Material for the task –
------------------------------------------------

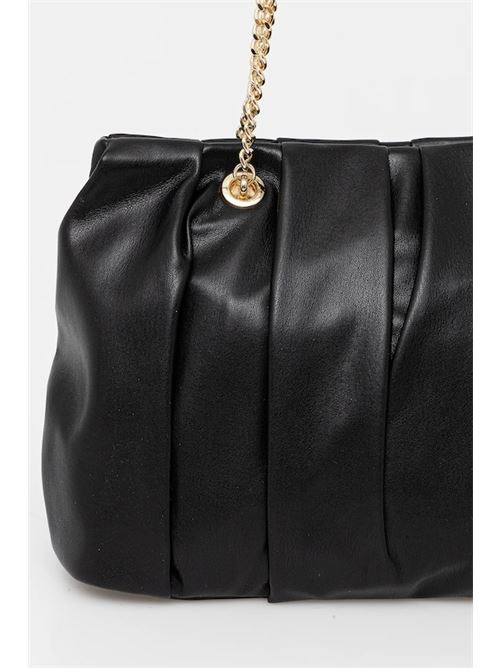  LOVE MOSCHINO | JC4213PP0MKB0/000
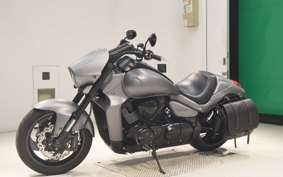 SUZUKI BOULEVARD M109R 2021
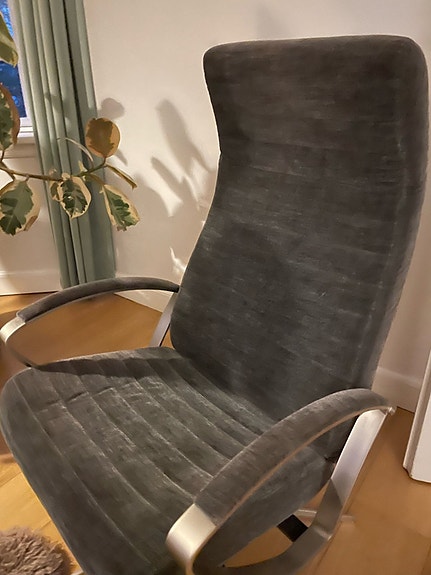 Product image 1 of 8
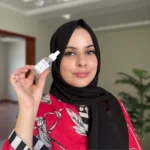 Best Alpha Arbutin serum combination serum in Pakistan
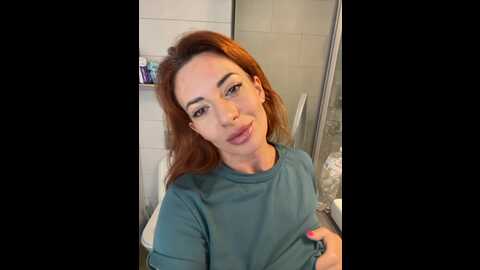 _wowfox_ @ bongacams on 20231109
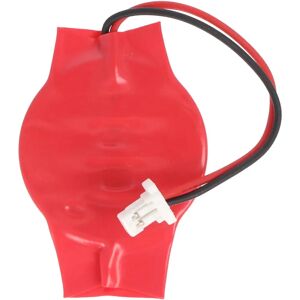 XCell CR2016 Lithium Knopcelbatterij - Backup-voeding XCell CR2016 Lithium Knopcelbatterij - Backup-voeding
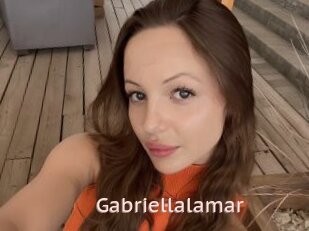 Gabriellalamar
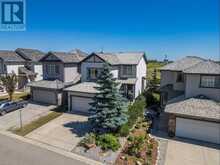 67 Glensummit Close Cochrane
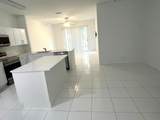 3166 Via Poinciana - Photo 4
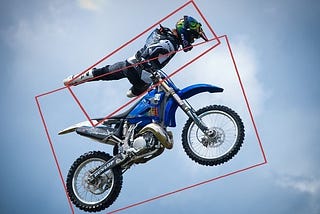 Detecting Objects With Precision: Polygonal Bounding Box-Based Object Detection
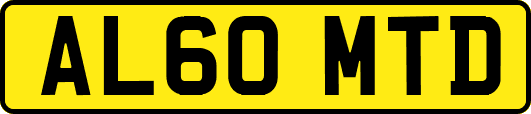 AL60MTD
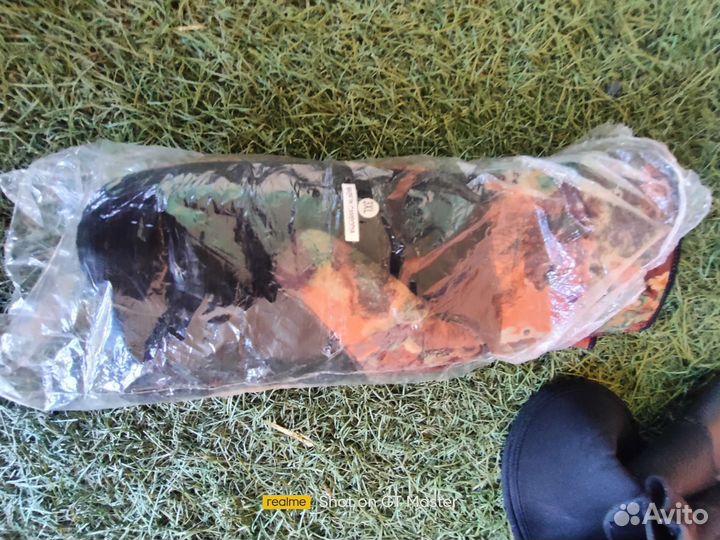 Гидро варюшки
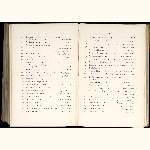 page thumbnail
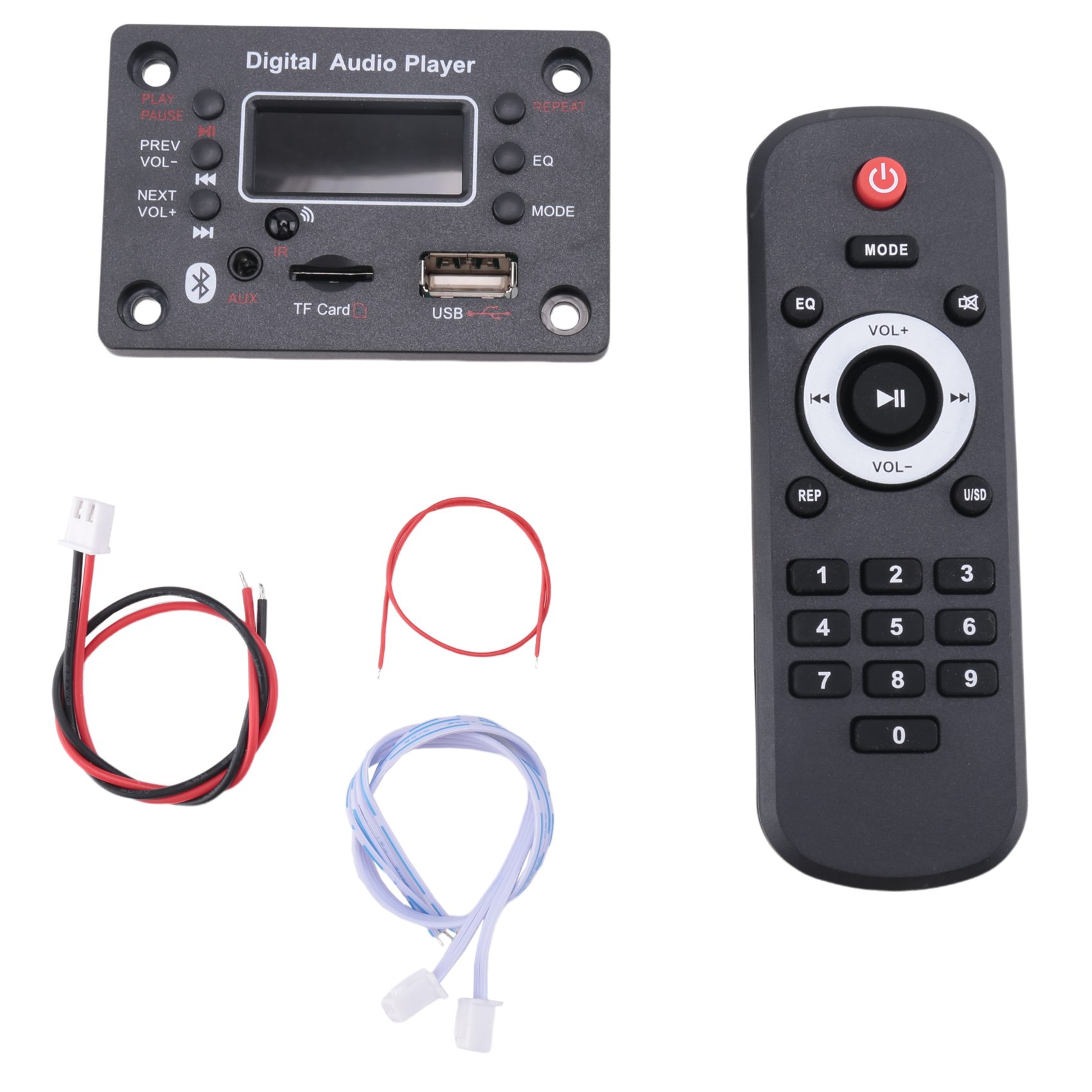 Afbeelding 10 van 15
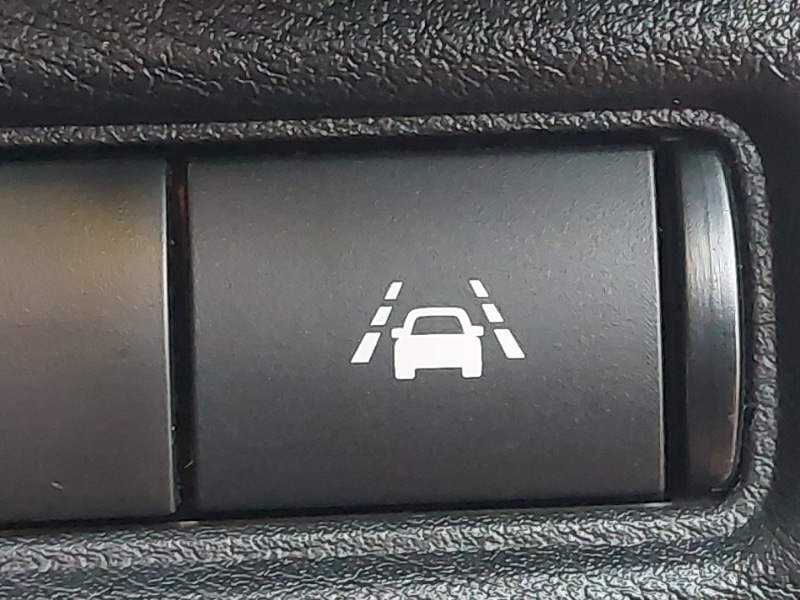 Used Nissan Juke 2021 for sale - 76589361: Photo 17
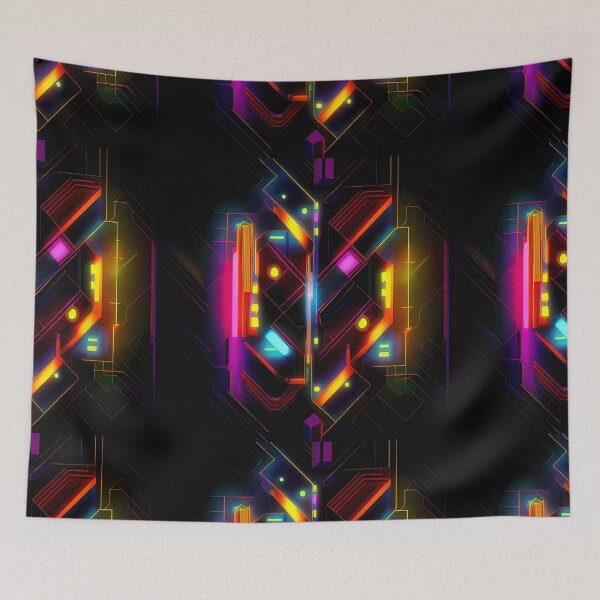 Item preview, The Gateway designed and sold by CSkyesCreations.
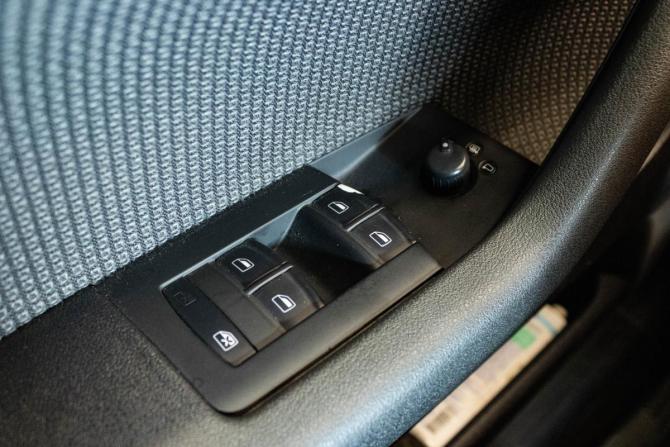 Audi A3 II (8P) Рестайлинг 1 с пробегом 2007 года, цена 589 000 рублей, 260814 км, хэтчбек, Автокод Объявления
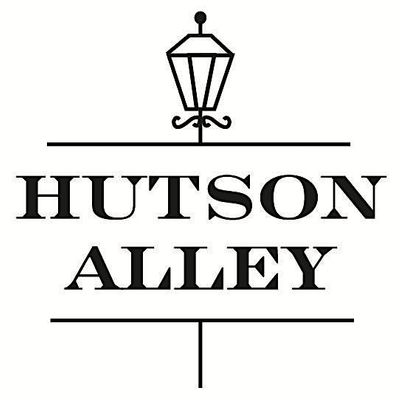 Hutson Alley Events by HCH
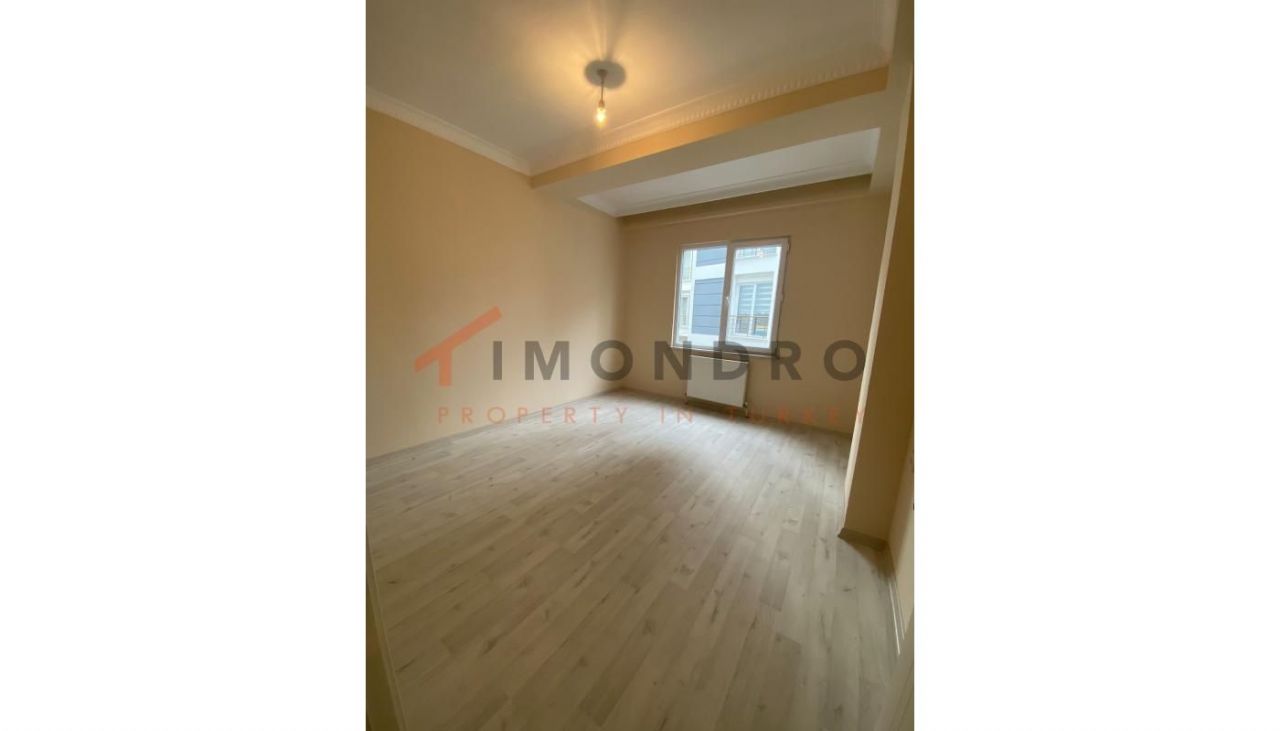 Квартира в Арнавуткёе, Турция, 105 м2 фото 2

------------------------------------------------

Aim of the exercise – Return the entries verbatim, pictures excluded.

Task solution –
  LOVE MOSCHINO | JC4213PP0MKB0/000
 SUZUKI BOULEVARD M109R 2021
 Product image 1 of 8
 Best Alpha Arbutin serum combination serum in Pakistan
 _wowfox_ @ bongacams on 20231109
 XCell CR2016 Lithium Knopcelbatterij - Backup-voeding XCell CR2016 Lithium Knopcelbatterij - Backup-voeding
 Gabriellalamar
 67 Glensummit Close Cochrane
 3166 Via Poinciana - Photo 4
 Detecting Objects With Precision: Polygonal Bounding Box-Based Object Detection
 AL60MTD
 Гидро варюшки
 page thumbnail
 Afbeelding 10 van 15
 Used Nissan Juke 2021 for sale - 76589361: Photo 17
 Item preview, The Gateway designed and sold by CSkyesCreations.
 Audi A3 II (8P) Рестайлинг 1 с пробегом 2007 года, цена 589 000 рублей, 260814 км, хэтчбек, Автокод Объявления
 Hutson Alley Events by HCH
 Квартира в Арнавуткёе, Турция, 105 м2 фото 2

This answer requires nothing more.